Last week i had a guy walk into my store when i was working who no longer wanted his rabbit. They "didn't like it anymore after 4 months" . So i decided that i had the room and so i told him to bring her to me so i could find it a good life time loving home. WhenI got her ialmost was sickbecauseshe hadnails that were soo long that i think i took of 6in.. at least. Other than the nails she seemed in good health, eyes clear, teeth clean, earsclear.So im fostering her till i could find her a new loving home. There is going to be a fee of $45 for her, so that i know she will be rehomed and not ever have to worrie about having a loving family ever again. I also have a cage that i got her and everything she needs its 75 if you want everything with her.

Please email if you have any questions,

[email protected]


----------



## okiron (Jan 17, 2008)

So it's a rabbit and not a rat right?


----------



## Bo B Bunny (Jan 17, 2008)

I edited the title to say Rabbit not Rat. Someone must have rats also LOL!


----------



## Leaf (Jan 17, 2008)

Where is this rabbit located?


----------



## rabbitlovinkippy5 (Jan 17, 2008)

im sorry im use to taking in rats. I feel stupid... but yes it is a dutch Rabbit, female.

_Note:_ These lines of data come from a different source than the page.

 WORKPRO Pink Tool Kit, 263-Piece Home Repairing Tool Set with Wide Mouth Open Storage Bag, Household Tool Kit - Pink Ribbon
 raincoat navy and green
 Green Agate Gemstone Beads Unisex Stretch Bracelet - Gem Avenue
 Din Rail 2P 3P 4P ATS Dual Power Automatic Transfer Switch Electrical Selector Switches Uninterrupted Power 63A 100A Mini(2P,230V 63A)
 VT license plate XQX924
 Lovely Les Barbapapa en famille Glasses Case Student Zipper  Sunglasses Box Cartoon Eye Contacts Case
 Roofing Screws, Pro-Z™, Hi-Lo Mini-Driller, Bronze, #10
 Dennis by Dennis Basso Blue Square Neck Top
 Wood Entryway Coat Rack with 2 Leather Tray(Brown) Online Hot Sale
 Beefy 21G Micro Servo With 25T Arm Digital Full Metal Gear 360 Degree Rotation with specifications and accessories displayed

I live in Gurnee, IL 60030 ( close to the border of WI). I am willing to transport if it is needed.


----------



## JadeIcing (Jan 17, 2008)

Good job for taking the bunny in.:biggrin2:


----------



## tonyshuman (Jan 17, 2008)

Do you have an estimate on her age? Is she spayed? What color?:biggrin2:


----------



## Haley (Jan 17, 2008)

Bless you for taking her in! If you dont mind, Im going to add your location to your profileand title of this thread so if anyone is interested they know where you are located.

Do you have any pictures? Those always help!


----------



## rabbitlovinkippy5 (Jan 17, 2008)

he said he only had her for 4 months. I talked to my aunt, who is a Vet tech in Denver about the fact that her nipples are very pronounce and she said that could mean she has had babies. I think shes under a year old, because she does seem kinda young me still just from what she looks like. She is a dark brown and of course white. I don't think she has been spayed because her nails were soo long, she doesn't seem to know what to do with hay which is telling me she wasn't given the best diet. Her poo is very small still, smaller than my rats but is increasing in size since i got her. I'll try and get some pictures of her up soon.


----------



## Haley (Jan 17, 2008)

Did he say if he had her with another male? Not sure if you know this but the gestation period for a rabbit is only about 30 days so if you can get her spayed ASAP that would be great. It would be just awful if she had babies while in your care.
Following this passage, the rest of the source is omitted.